When Hype Distorts News of Scientific Discoveries

IT'S easy to get excited about astronomy. The science deals in superlatives - stellar explosions, echoes of primordial creation. But it also lends itself to hype that can distort news of major discoveries.

That's why cosmologists are having second thoughts about an announcement that electrified news media around the world last April.

A scientific team working with the Cosmic Background Explorer (COBE) satellite reported finding the earliest traces of the underlying structure that produced the distribution of matter we now see in the universe. These showed up as minute temperature differences in the "fossil" radiation that permeates the cosmos as a relic of the universe's birth.
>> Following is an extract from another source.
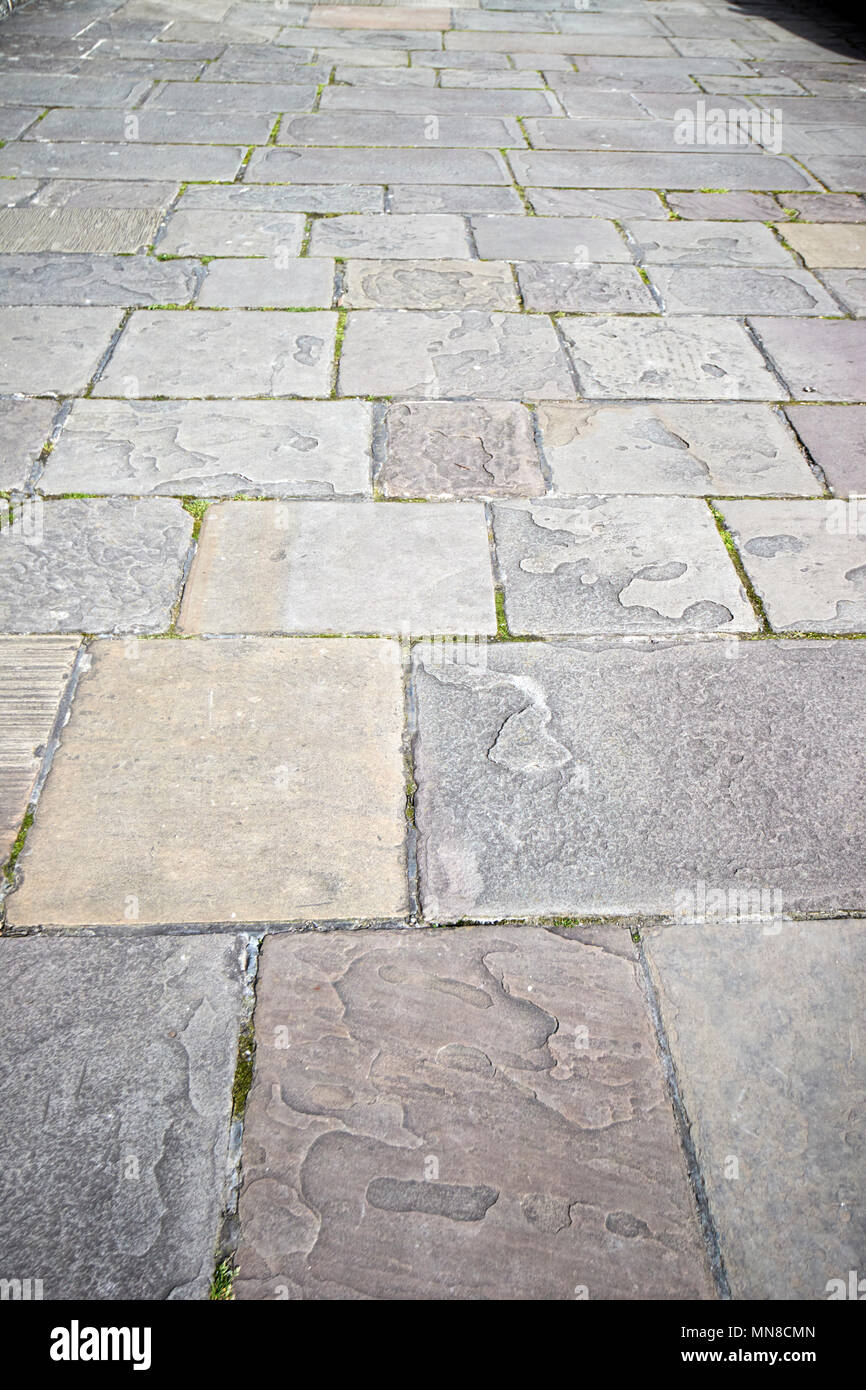 Yorkstone paving slabs hires stock photography and images Alamy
This was indeed a major finding. But some scientists let their enthusiasm color their judgment when talking about it publicly. Some called it the greatest astronomical discovery of the century, ignoring the fact that the earlier discovery of the background radiation itself had a better claim to the title. Some even suggested religious implications. A widely used quote came from George Smoot of the University of California, Berkeley, principal investigator on the COBE team. He told the April 23 press conf erence that "if you're religious, it's like seeing God."

With that kind of hype coming from within the scientific community, you can't blame the news media for playing up the story. They reported that astronomers at last had "proof" that the universe originated in a so-called Big Bang explosion of energy and space-time. Some stories even spoke of discerning "the mind of God" in new evidence of primordial "creation."

This all seems silly now. As the journal Science noted in reporting a recent conference assessing the COBE findings, theories of cosmic evolution are proliferating as cosmologists wrestle with the new data. Although those data are consistent with the Big Bang, they don't constitute long-awaited proof that this actually happened. As University of California, Berkeley, cosmologist Marc Davis told the conference, "The Big Bang didn't need this proof." It already rests solidly on other evidence, especially o n the existence of the background radiation.

None of this diminishes the importance of what Dr. Smoot and his colleagues have done. By painstaking analysis, they have found minute temperature variations in the background radiation. Much of the pattern they trace is spurious. It represents instrument noise. But there also seem to be genuine irregularities - echoes of primordial ripples in space-time - around which the universe has structured itself.

Scientists have very few observed cosmological facts to work with. They already knew that the observed expansion of the universe, the existence of the fossil radiation, and the relative abundance of light elements are in line with predictions of Big Bang theory. They knew that today galaxies cluster around the edges of large voids, giving the universe a fish-net structure. Now they also know that the fossil radiation seems to show the same large-scale structure etched in terms of regions of temperatures a mere hundred-thousandth of a degree warmer than the surroundings.

Adding that fact to the cosmologists' collection is no mean achievement. It doesn't need to be hyped. And it has nothing to do with religion.